_EXERCISE BRIEF_
Each line from the one with "Calais Southern Cemetery" through the last line of the material is to be printed exactly; no other line and no picture belongs in the copy.

[MATERIAL FOR THIS TASK Boundary: Start]

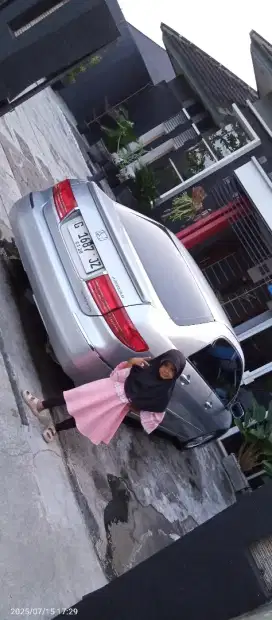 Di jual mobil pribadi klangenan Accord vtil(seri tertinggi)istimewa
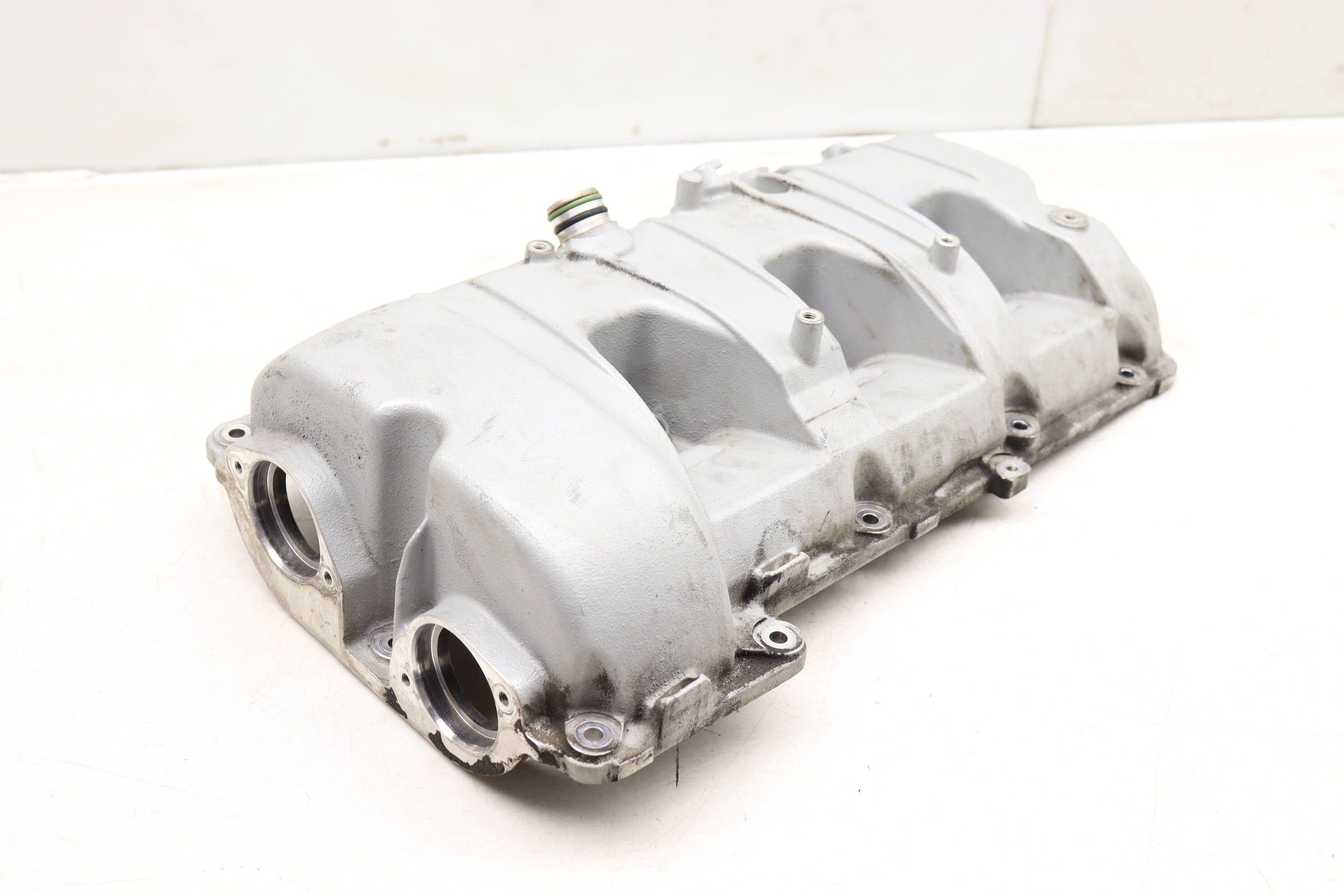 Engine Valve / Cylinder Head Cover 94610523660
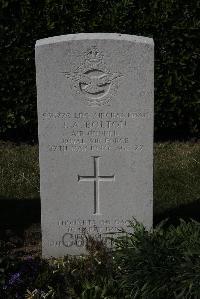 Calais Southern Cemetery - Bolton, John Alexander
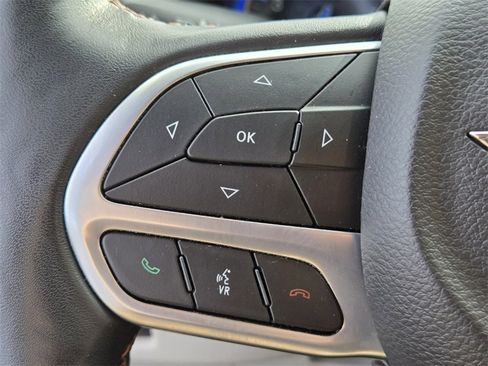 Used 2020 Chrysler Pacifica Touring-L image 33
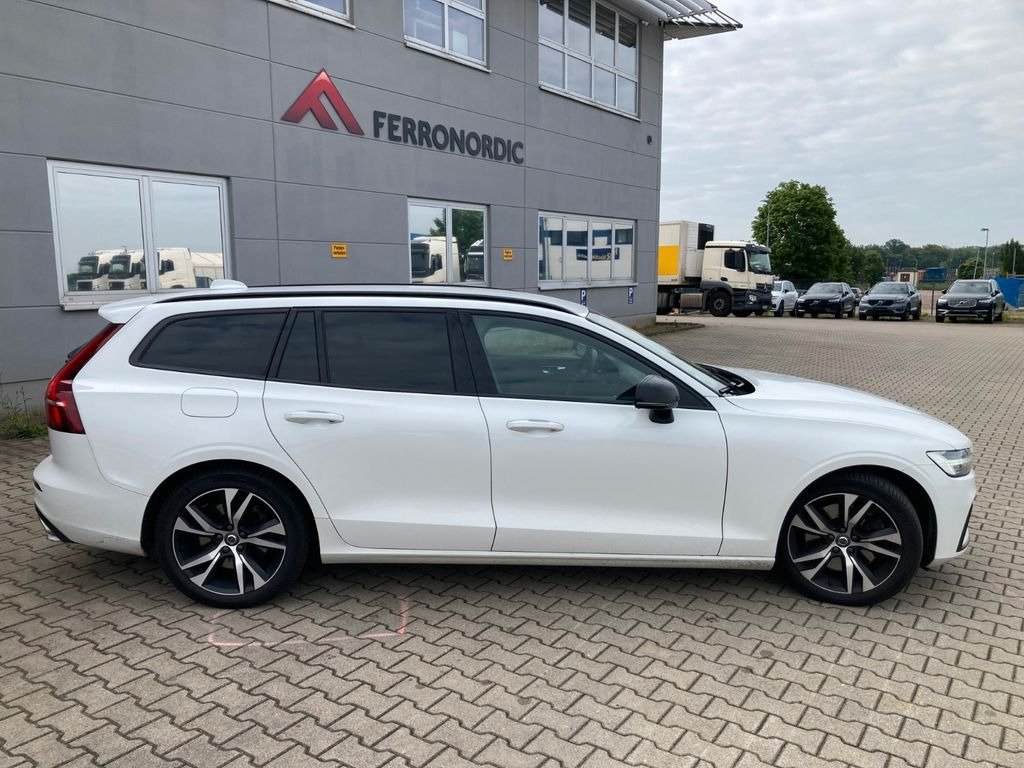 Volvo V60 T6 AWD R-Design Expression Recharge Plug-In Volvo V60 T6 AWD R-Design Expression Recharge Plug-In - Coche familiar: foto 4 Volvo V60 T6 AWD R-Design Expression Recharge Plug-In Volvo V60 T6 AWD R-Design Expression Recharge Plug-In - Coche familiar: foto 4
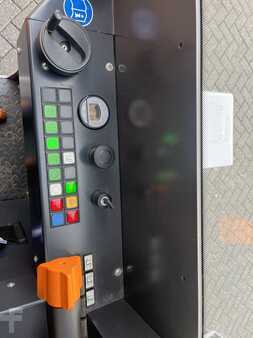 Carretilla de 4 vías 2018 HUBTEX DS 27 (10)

[MATERIAL FOR THIS TASK Boundary: End]

_ANSWER SPACE_
 Calais Southern Cemetery - Bolton, John Alexander
 Used 2020 Chrysler Pacifica Touring-L image 33
 Volvo V60 T6 AWD R-Design Expression Recharge Plug-In Volvo V60 T6 AWD R-Design Expression Recharge Plug-In - Coche familiar: foto 4 Volvo V60 T6 AWD R-Design Expression Recharge Plug-In Volvo V60 T6 AWD R-Design Expression Recharge Plug-In - Coche familiar: foto 4
 Carretilla de 4 vías 2018 HUBTEX DS 27 (10)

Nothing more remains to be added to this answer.